## [Data extracted from a collection]
>>>

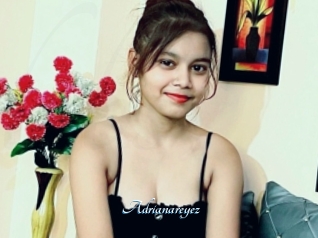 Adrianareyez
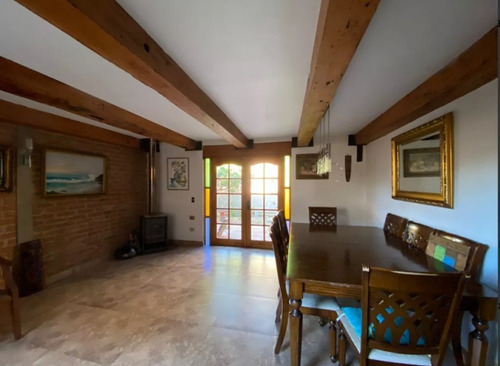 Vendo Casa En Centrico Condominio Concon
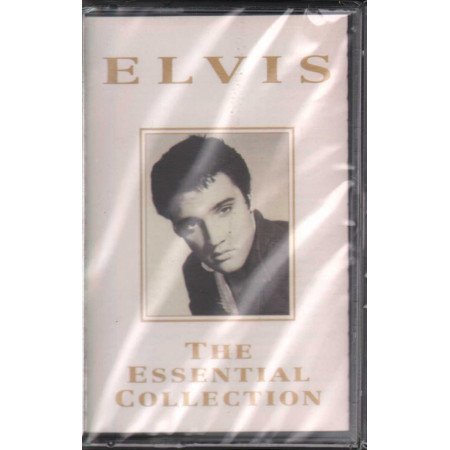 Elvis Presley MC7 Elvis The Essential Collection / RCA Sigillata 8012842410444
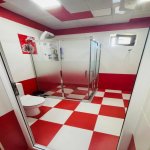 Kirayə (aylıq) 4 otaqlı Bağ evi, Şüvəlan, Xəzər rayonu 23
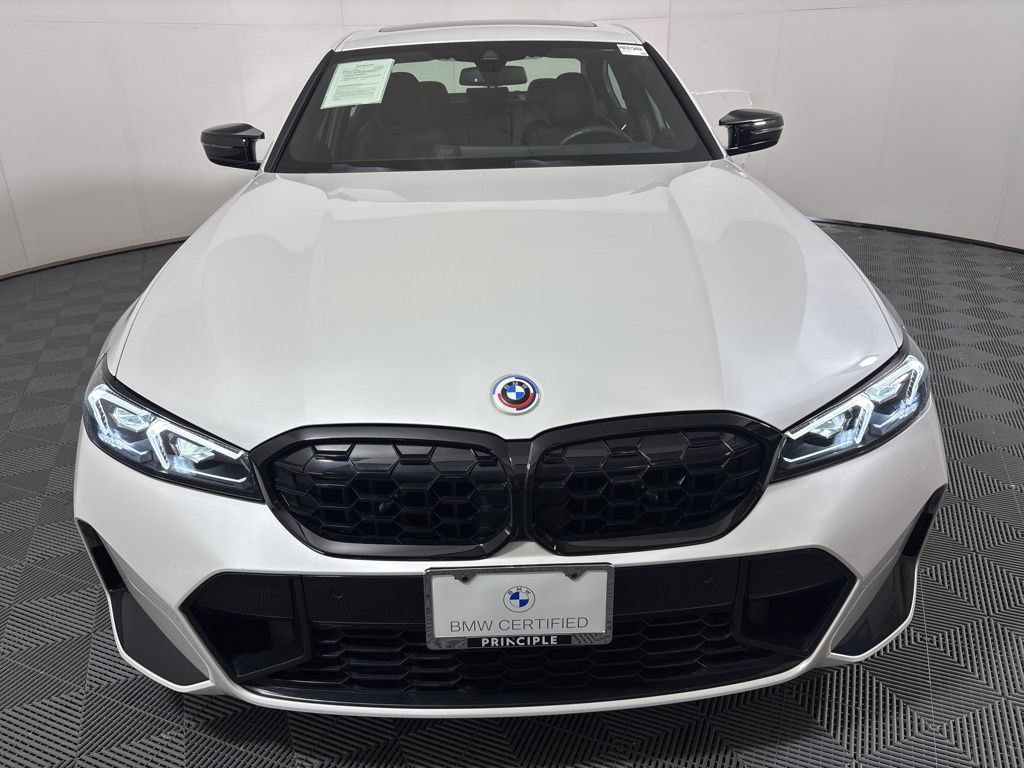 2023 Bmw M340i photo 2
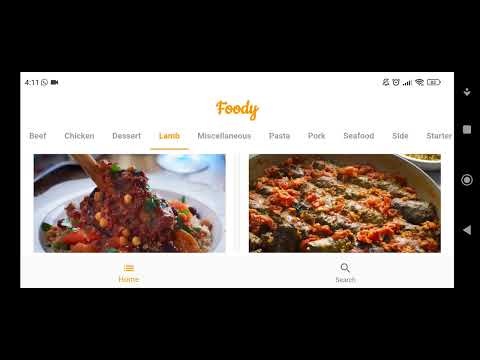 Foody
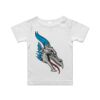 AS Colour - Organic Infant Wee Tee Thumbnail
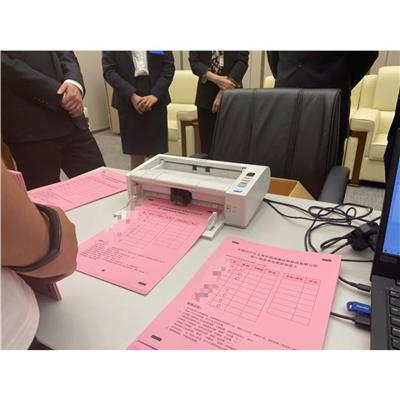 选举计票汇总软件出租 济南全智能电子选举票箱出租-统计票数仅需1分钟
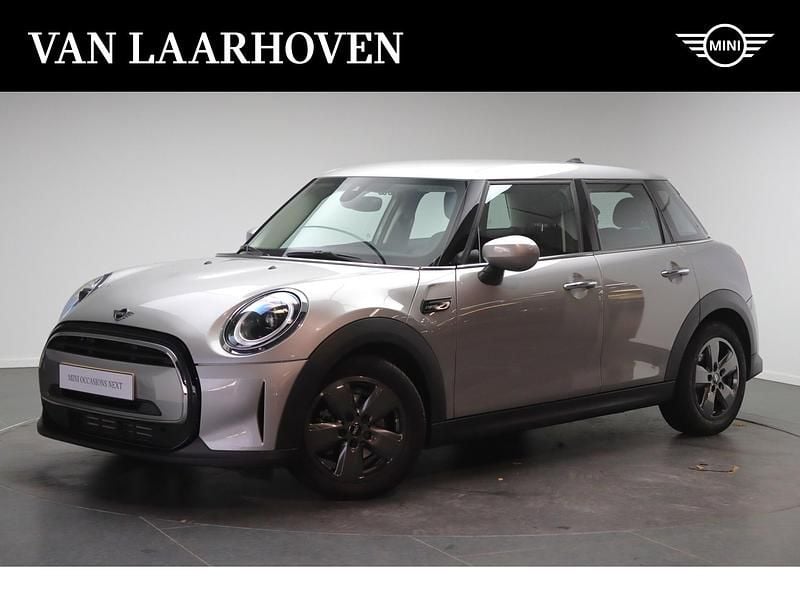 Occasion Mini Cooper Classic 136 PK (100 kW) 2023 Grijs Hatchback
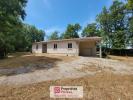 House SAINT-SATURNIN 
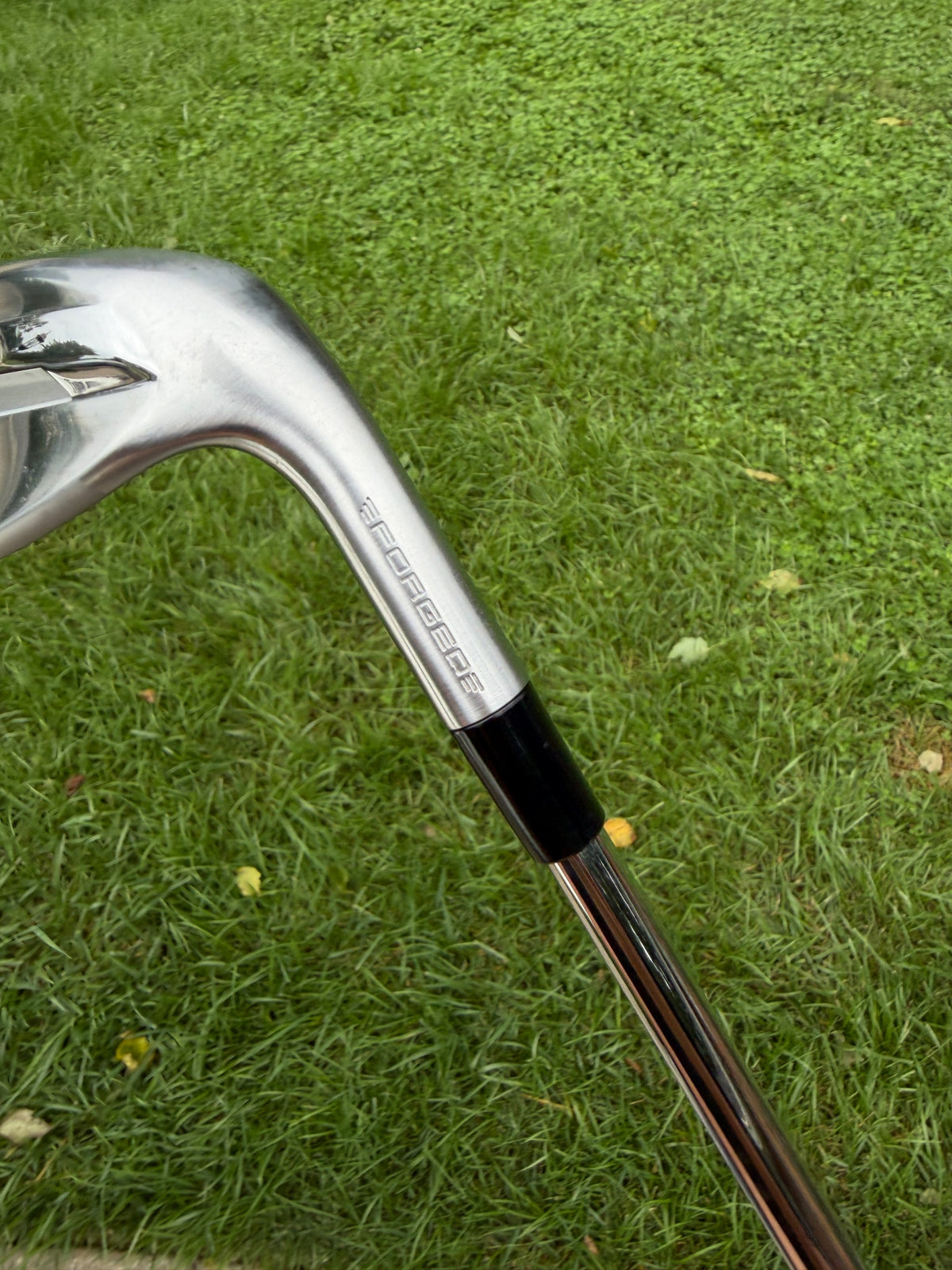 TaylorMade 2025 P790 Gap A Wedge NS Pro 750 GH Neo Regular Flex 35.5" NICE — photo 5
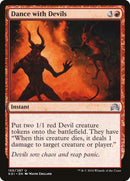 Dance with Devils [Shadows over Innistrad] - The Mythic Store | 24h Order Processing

<<<

## [Exercise prompt]
Give an exact copy of the entries, excluding all pictures.

## [Task solution]
 Adrianareyez
 Vendo Casa En Centrico Condominio Concon
 Elvis Presley MC7 Elvis The Essential Collection / RCA Sigillata 8012842410444
 Kirayə (aylıq) 4 otaqlı Bağ evi, Şüvəlan, Xəzər rayonu 23
 2023 Bmw M340i photo 2
 Foody
 AS Colour - Organic Infant Wee Tee Thumbnail
 选举计票汇总软件出租 济南全智能电子选举票箱出租-统计票数仅需1分钟
 Occasion Mini Cooper Classic 136 PK (100 kW) 2023 Grijs Hatchback
 House SAINT-SATURNIN 
 TaylorMade 2025 P790 Gap A Wedge NS Pro 750 GH Neo Regular Flex 35.5" NICE — photo 5
 Dance with Devils [Shadows over Innistrad] - The Mythic Store | 24h Order Processing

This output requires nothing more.